Continuing a 10-year trend, the Gallup polling agency reports that independents once again outnumbered Democratic or Republican voters in 2018.

And the gap is significant. According to Gallup, 42 percent of the American electorate identifies as independents, compared to 30 percent who say they are Democrats and 26 percent who are aligned with the Republican Party.

At least four in 10 Americans have been political independents in seven of the past eight years, including a record-high 43 percent in 2014.

In contrast, neither major political party has approached the 40 percent mark over the past three decades.

In fact, the recent rise in independent identification has come at the expense of both parties about equally. Since 1988, Gallup reports that their polling shows Americans who identified as independents has risen nearly 10 points, while the percentage of Republicans has fallen five points and the percentage of Democrats has fallen six points.

The strong plurality in favor of independents coincides with continued low approval ratings for Congress and the president.

Party leaders keep trying to convince themselves that independents are a small sliver of the voting public – or even that ticket-splitters largely don’t exist. They claim that self-identified independents are actually “leaners” who vote en masse for the candidates of one party or the other.

Yet, polling has shown that a large slice of the electorate is ready for a substantial change in national politics, with a third party as an alternative to both Republicans and Democrats. In 2017, Gallup found that 61 percent of voters think that a third major party is needed, the highest number ever, including 49 percent of Republicans, 52 percent of Democrats and 77 percent of independents.

The most recent trends toward independence are based on aggregated data from all Gallup polls conducted in each year. The 2018 aggregate includes 13 separate surveys, encompassing interviews with more than 13,000 U.S. adults. Gallup asks Americans in every poll it conducts whether they identify politically as a Democrat, a Republican or an independent.

Gallup has asked that same party identification question it does today in polls as far back as 1951.

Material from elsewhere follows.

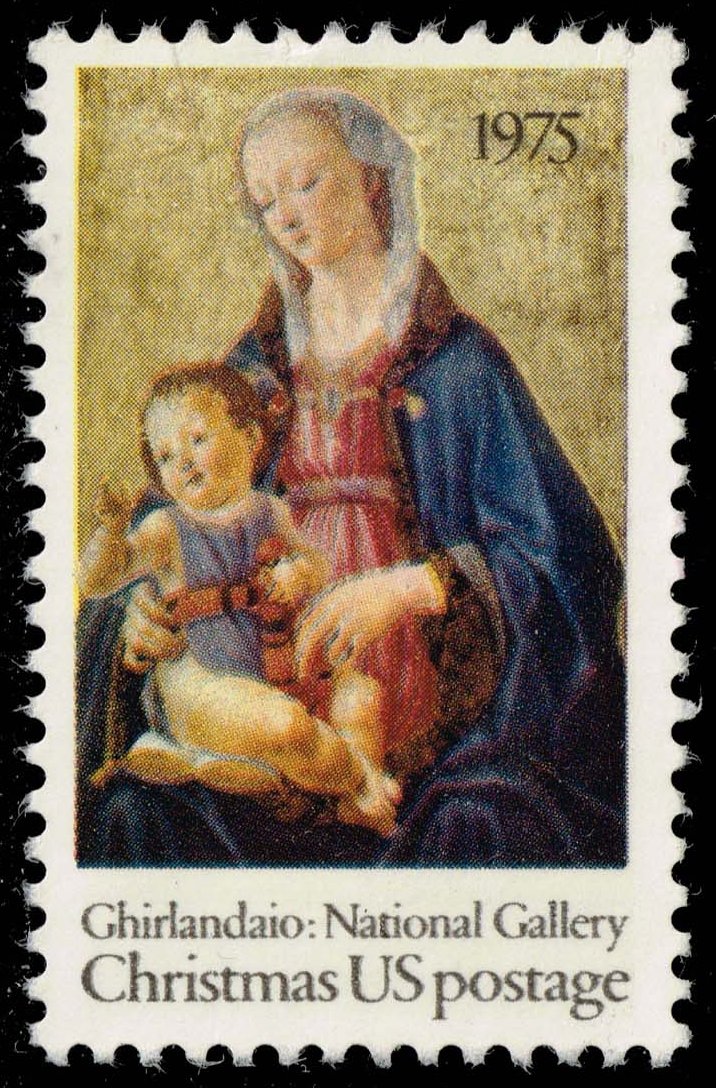 US #1579 Madonna & Child; Used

As the chart above demonstrates, support for the two parties last represented a strong, combined majority of voters after the 9/11 terrorist attacks and the launch of the Iraq War. Since then, throughout the Obama administration and into the Trump presidency, the number of independents has grown markedly, reaching 40 percent and maintaining or exceeding that level for most of the last several years.

Since 2011, the percentage of independents has annually eclipsed the self-identified Democrats by 11 points on average, and the allegiance to the GOP by 14 points.